Import tensorflow as tf # Flags for defining the tf. train. clusterSpectf. app. flags. DEFINE_string ("ps_hosts", "", "Comma-separated list of hostname: port pairs") tf. app. flags. DEFINE_string ("worker_hosts", "", "Comma-separated list of hostname: port pairs") # Flags for defining the tf. train. servertf. app. flags. DEFINE_string ("job_name", "", "One of 'ps', 'worker'") tf. app. flags. DEFINE_integer ("task_index", 0, "Index of task within the job") FLAGS = tf. app. flags. FLAGSdef main (_): ps_hosts = FLAGS. ps_hosts.split (",") worker_hosts = FLAGS. worker_hosts (",") # Create a cluster from the parameter server and worker hosts. cluster = tf. train. clusterSpec ({"ps": ps_hosts, "worker": worker_hosts}) # Create and start a server for the local task. # create and start a service # Use task_index to specify the task id server = tf. train. server (cluster, job_name = FLAGS. job_name, task_index = FLAGS. task_index) if FLAGS. job_name = "ps": server. join () elif FLAGS. job_name = "worker": # Assigns ops to the local worker by default. # attach the op to a local worker with tf. device (tf. train. replica_device_setter (worker_device = "/job: worker/task: % d" % FLAGS. task_index, cluster = cluster): # Build model... loss =... global_step = tf. variable (0) train_op = tf. train. adagradOptimizer (0.01 ). minimize (loss, global_step = global_step) saver = tf. train. saver () summary_op = tf. merge_all_summaries () init_op = tf. initialize_all_variables () # Create a "supervisor", which oversees the training process. sv = tf. train. supervisor (is_chief = (FLAGS. task_index = 0), logdir = "/tmp/train_logs", init_op = init_op, summary_op = summary_op, saver = saver, global_step = global_step, save_model_secs = 600) # The supervisor takes care of session initialization, restoring from # a checkpoint, and closing when done or an error occurs. with sv.managed_session(server.tar get) as sess: # Loop until the supervisor shuts down or 1000000 steps have completed. step = 0 while not sv. should_stop () and step <1000000: # Run a training step asynchronously. # See 'tf. train. syncReplicasOptimizer 'for additional details on how to # perform * synchronous * training. _, step = sess. run ([train_op, global_step]) # Ask for all the services to stop. sv. stop () if _ name _ = "_ main _": tf. app. run ()

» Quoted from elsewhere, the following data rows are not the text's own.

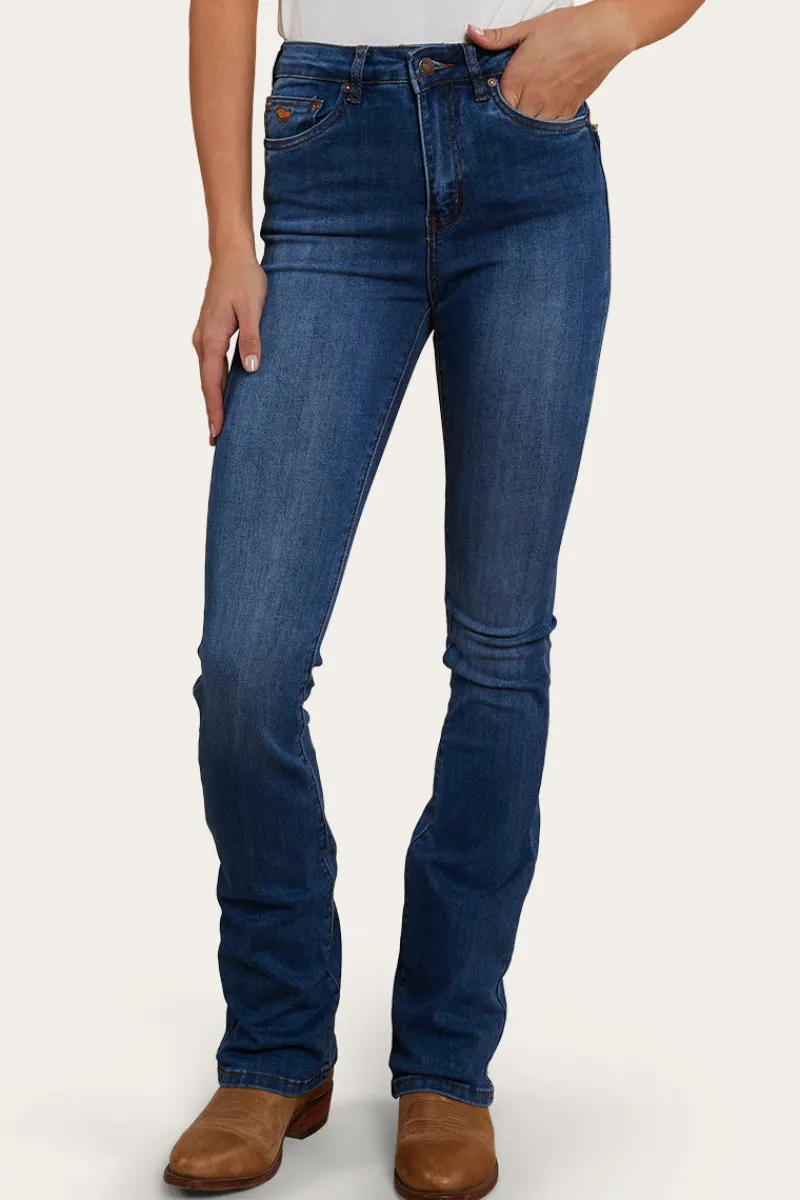 Outlet Ringers Western Penny Rodeo Womens High-Rise Bootleg Jeans - Vintage Blue Wash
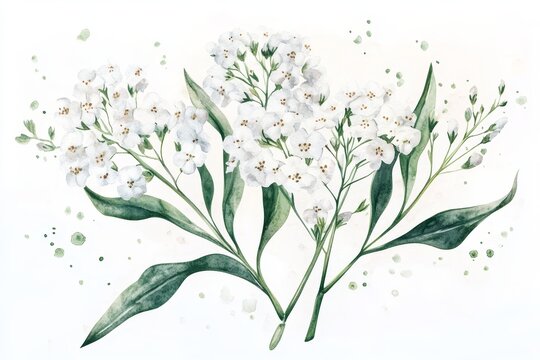 Delicate white flower arrangement with soft green foliage.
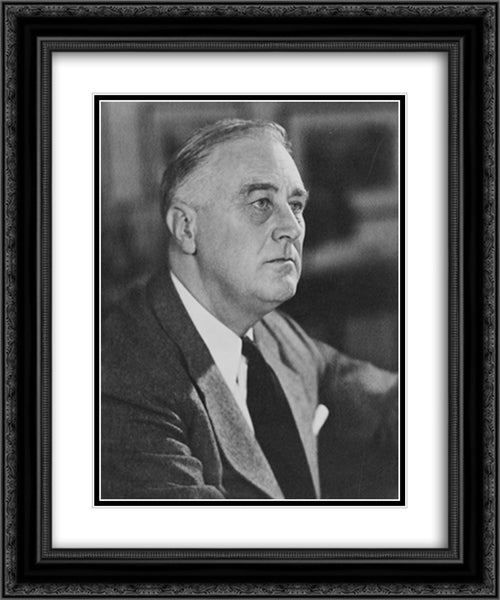 President Franklin D. Roosevelt 20x24 Black Ornate Wood Framed Art Print Poster with Double Matting by Library of Congress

Run the following command to start two parameter services and two work tasks. (Assume that the above python script is named train. py)

# On ps0.example.com:$ python trainer.py \     --ps_hosts=ps0.example.com:2222,ps1.example.com:2222 \     --worker_hosts=worker0.example.com:2222,worker1.example.com:2222 \     --job_name=ps --task_index=0# On ps1.example.com:$ python trainer.py \     --ps_hosts=ps0.example.com:2222,ps1.example.com:2222 \     --worker_hosts=worker0.example.com:2222,worker1.example.com:2222 \     --job_name=ps --task_index=1# On worker0.example.com:$ python trainer.py \     --ps_hosts=ps0.example.com:2222,ps1.example.com:2222 \     --worker_hosts=worker0.example.com:2222,worker1.example.com:2222 \     --job_name=worker --task_index=0# On worker1.example.com:$ python trainer.py \     --ps_hosts=ps0.example.com:2222,ps1.example.com:2222 \     --worker_hosts=worker0.example.com:2222,worker1.example.com:2222 \     --job_name=worker --task_index=1
Glossary

Client)

  • The client is a Session Layer used to create a TensorFlow computing graph and interact with the cluster.tensorflow::SessionProgram. Generally, the client is implemented through python or C ++. An independent client process can be connected to multiple TensorFlow servers at the same time (the computing flow section above), and an independent server can also be connected to multiple clients.

Cluster)
-A TensorFlow cluster contains one or more jobs. Each job can be split into one or more tasks ). The concept of a cluster is mainly used in a specific high-level object, such as training a neural network and performing parallel operations on multiple machines. Cluster objects can be accessed throughtf.train.ClusterSpec.
Job)
-A job can be split into multiple tasks with the same purpose. For example, a task in a job called ps (parameter server) mainly stores and updates variables, A job named work is generally used to manage stateless tasks that are mainly engaged in computing. Tasks in a job can run on different machines, and the job role is flexible and variable. For example, jobs called "work" can save some states.
Master service)
-An RPC service program can be used to remotely connect to a series of distributed devices and play the role of a session terminal. The main service program implementstensorflow::SessionAnd is responsible for communicating with work tasks through the service process (worker service) of the Work node. All the main service programs have the service logic of the master node.
Task)
-A task is equivalent to a specific TesnsorFlow server. It is equivalent to an independent process, which belongs to a specific job and has a corresponding serial number in the job.
TensorFlow server)
-One is running.tf.train.ServerThe process of the instance, which is a member of the cluster and has the master node and work node.
Worker service)
-This is an RPC logic that allows you to use local devices to calculate some graphs. The service logic of a worker node is implemented.worker_service.protoInterface. All TensorFlow servers contain the service logic of the worker node.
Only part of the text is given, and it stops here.